I was lucky to experience this beautiful festival this year and learn more about the city’s traditions.
The Tray Festival or the Divine Holy Spirit Festival is one of the most ancient cultural and religious events in Portugal. If you want, you can compare it to Thanksgiving, as both holidays’ origin is in the Harvest. It is a very colourful festival, thanks to the beautiful paper-flowers decorations in the streets of Tomar and the flowers tabuleiro (tray) the girls carry on their heads.
The citizens of Tomar are getting ready for the big celebrations a few months in advance. They spend hundreds of hours making endless number of paper flowers to decorate their streets. The residents of each street are coming up with an idea or a theme or colour, and they work together on creating the decorations for the festival. It was great watching them uniting around these decorations; from young kids to the elderly; They were all motivated to have their street the best it can be. (One of my colleagues was joking and said that this is the time there are no arguments between neighbours… )

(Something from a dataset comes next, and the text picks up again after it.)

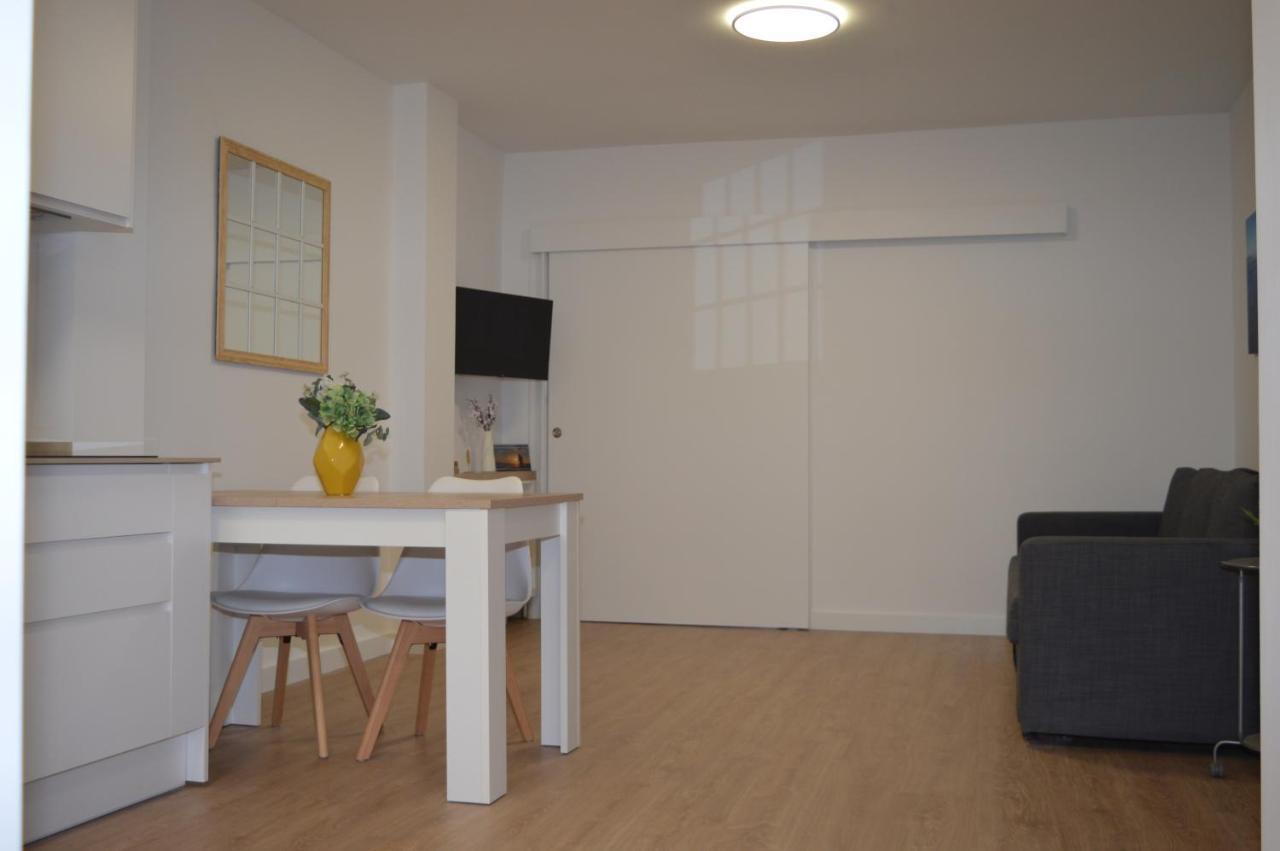 Floridos Playa Piso Reformado De 2 Habitaciones A 50M De La Playa La Cala Del Moral Esterno foto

But beside the paper decorations, the citizens of Tomar are decorating their terraces with their best colourful blankets. I’ve learned it is a Portuguese tradition (not only in Tomar) to put the best blankets outside the windows, when there is a religious festival or a procession. Most of the time, these blankets are hand made and pass from one generation to another, mostly for these religious holidays.
There are several ceremonies of Festa dos Tabuleiros that are still maintained and kept in Tomar and some, that are slightly changed and adjusted to current days. For example, the Butler procession. Originally, the butler procession was a symbol of wealth and abundance, represented by bulls, or ‘The Holy Spirit Cows’. These bulls were paraded in front of the locals and afterwards were slaughtered and their meat was shared among the crowds. Whether rich or poor. This act was a symbol of brotherhood among the locals. However, since 1966 the act of slaughtering these bulls has been stopped and the meat is obtained from the owners of the Butcher shops to the families who need the most.
The parade is followed and accompanied by the local orchestra players. A great honour is given to the Butler of the parade, the City Mayor and the communities members who are dressed black and white, with a red ribbon around their neck.
The most colourful and beautiful part of the parade is the Partial Parade, followed by the Tray Parade. It is when the girls from the different chosen parishes are carrying flower baskets on their heads and march from a location outside of the city centre and pass by the Nobel Court and City hall, where the Butler of the parade, the City Mayor and the Town Council are sitting and observing the parade.
The girls are the ones who carry the heavy flower baskets, decorated not only with flowers but also with bread loaves, which are later on given to the public.
Every girl is accompanied by a guy, who is not allowed to carry the basket but only there for help and support in case the girl is losing her balance or the basket is falling.
The parade passes through Tomar old town, through the City Hall and ends at the park, where the baskets are nicely put and held before the last parade, taking place on the same evening.
If you have the chance to plan your next trip to Portugal, don’t miss Tomar with its beautiful streets and welcoming people.